Я кивнула, полностью соглашаясь с его выводом, убрала телефон и опять крепко зажмурилась, мечтая проснуться.
Он постоял молча, осознавая и проникаясь, а потом спросил:
— Кто такой Андрюха?
Я так удивилась, что даже открыла глаза, хотя голову не подняла, было страшно. Честер снял меня со ступеньки, посадил на лавочку и взял за плечи, заставляя посмотреть на него, но я умела смотреть мимо из любого положения. Он взял меня за подбородок и поднял его, требуя уже с ноткой раздражения:
— Кто такой Андрюха, Маша? Почему он забывает у тебя куртку, кидается за тебя драться и говорит звонить ему в случае проблем? Вы встречаетесь?

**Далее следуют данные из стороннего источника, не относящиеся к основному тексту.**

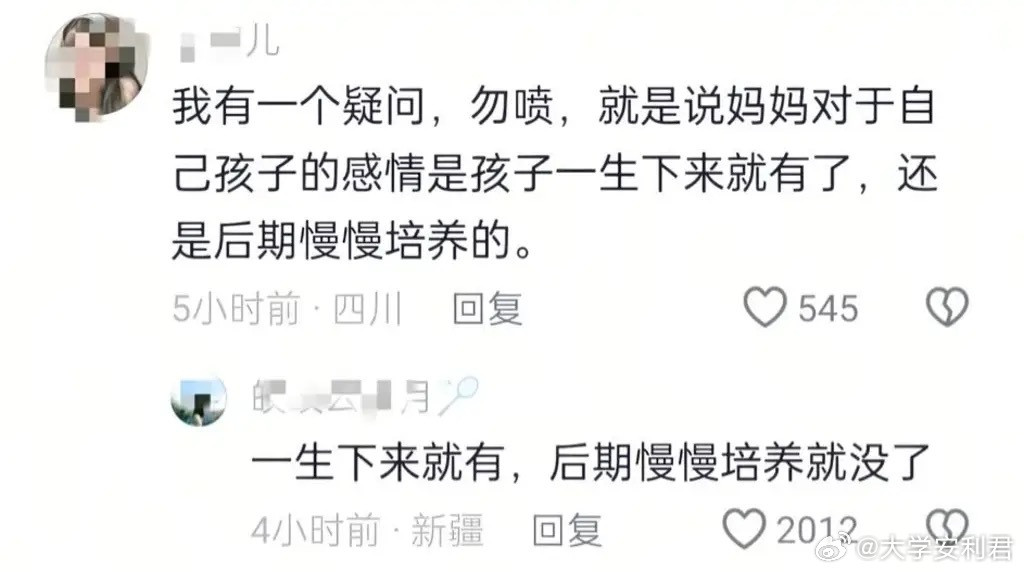一生下来就有，后期慢慢培养就没了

Я аж фыркнула от смеха, с опозданием понимая, как это всё выглядело, попыталась качнуть головой, он отпустил мой подбородок, я воспользовалась этим, чтобы опять отвести глаза, и тихо сказала:
— Нет, мы просто друзья, даже не особо близкие, просто учимся вместе. Он классный. Но он любит мою Великую Санью, давно, этого только слепые не видят. И она не видит. Но я вижу, там сразу понятно, что ему никто больше не нужен. Мы просто с ним сдружились на почве любви к ней. Я ему сливаю всякие секретики, типа... когда она грустит или хочет куда-то пойти, она говорит мне, а я говорю ему, и он как бы случайно её туда зовёт или присылает ей мемасики, чтобы настроение поднять. Мы друзья.
— У тебя никого нет?
Его голос звучал как-то так, что я опять решилась на него посмотреть, в первый раз за вечер начиная подозревать, что здесь жарко не мне одной. На дискотеке он выглядел таким уверенным, что я даже мысли не допускала, что у него есть сомнения, к тому же — он читал мой блокнот, он всё знает... Или нет?
— Если бы у меня был парень, мне бы не пришлось сочинять тебя.
Я не смотрела на него, хотя очень хотелось. Решив пойти на компромисс со страхом, я подняла глаза, но чуть-чуть, увидела его улыбку, вернувшую себе уверенность и блеск, он придвинул меня ближе, запустил пальцы в мои волосы и сказал:
— Считай, что я сбылся.
А потом показал, как это делают нормальные люди. Феерически круто. Я была бы на седьмом небе, даже если бы он меня просто к себе прижал, но он не просто прижал, он нашёл на моём теле такие места, от которых восторг распространялся на всю вселенную, и это были приличные места, я представить боялась, что он сможет с неприличными. Я понятия не имела, как выгляжу и что делаю, он меня как будто погрузил в это безумие сразу всю, целиком, а я просто следовала за его руками, как кошка, которую гладят всегда недостаточно сильно, поэтому она прижимается к руке сама, изо всех сил, не думая больше ни о чём, потому что в этом процессе нет ничего плохого или неправильного, здесь идеально всё, так что можно вести себя как угодно. И я пропадала в этом всей душой, слыша где-то на грани мира грохот, с которым рушились мои представления о том, как это всё надо делать, где, с кем и с какого возраста. С любого было отлично, я простила всех тех, кого обвиняла в «рано» и пожалела всех, кто начал «поздно», особенно себя.